Set down, character for character, everything in the records below from the line holding "Porsche Cayenne 26 of 30" down to the line holding "crayons 😭 #FallonTonight", and no other line.

+===+

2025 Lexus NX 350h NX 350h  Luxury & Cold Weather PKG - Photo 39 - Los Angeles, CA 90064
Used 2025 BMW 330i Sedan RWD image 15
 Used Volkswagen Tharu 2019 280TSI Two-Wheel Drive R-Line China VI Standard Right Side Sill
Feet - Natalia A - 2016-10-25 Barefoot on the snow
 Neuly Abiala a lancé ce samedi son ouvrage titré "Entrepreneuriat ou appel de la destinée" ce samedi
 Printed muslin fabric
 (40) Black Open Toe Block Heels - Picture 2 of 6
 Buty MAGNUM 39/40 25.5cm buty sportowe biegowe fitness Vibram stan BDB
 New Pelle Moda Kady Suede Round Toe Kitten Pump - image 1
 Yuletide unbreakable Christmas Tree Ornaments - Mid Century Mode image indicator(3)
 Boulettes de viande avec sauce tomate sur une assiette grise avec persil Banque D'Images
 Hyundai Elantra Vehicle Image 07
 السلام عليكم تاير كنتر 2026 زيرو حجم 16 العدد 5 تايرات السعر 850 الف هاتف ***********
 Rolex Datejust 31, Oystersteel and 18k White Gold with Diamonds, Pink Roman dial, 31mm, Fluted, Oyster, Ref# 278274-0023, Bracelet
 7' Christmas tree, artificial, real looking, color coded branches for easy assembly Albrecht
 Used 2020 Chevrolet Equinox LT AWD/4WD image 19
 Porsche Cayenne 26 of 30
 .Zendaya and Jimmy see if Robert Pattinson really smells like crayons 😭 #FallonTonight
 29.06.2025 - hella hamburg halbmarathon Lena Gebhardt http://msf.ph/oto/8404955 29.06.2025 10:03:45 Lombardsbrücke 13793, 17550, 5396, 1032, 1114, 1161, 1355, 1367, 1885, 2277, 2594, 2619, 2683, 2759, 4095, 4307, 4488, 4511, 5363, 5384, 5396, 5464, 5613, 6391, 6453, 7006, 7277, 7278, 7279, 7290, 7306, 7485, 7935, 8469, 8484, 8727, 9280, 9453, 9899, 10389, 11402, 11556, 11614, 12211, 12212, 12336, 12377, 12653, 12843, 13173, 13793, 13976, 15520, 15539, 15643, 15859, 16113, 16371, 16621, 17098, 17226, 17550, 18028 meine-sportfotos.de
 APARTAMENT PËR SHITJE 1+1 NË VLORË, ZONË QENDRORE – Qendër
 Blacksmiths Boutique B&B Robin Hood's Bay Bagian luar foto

+===+

## EXPECTED ANSWER
 Porsche Cayenne 26 of 30
 .Zendaya and Jimmy see if Robert Pattinson really smells like crayons 😭 #FallonTonight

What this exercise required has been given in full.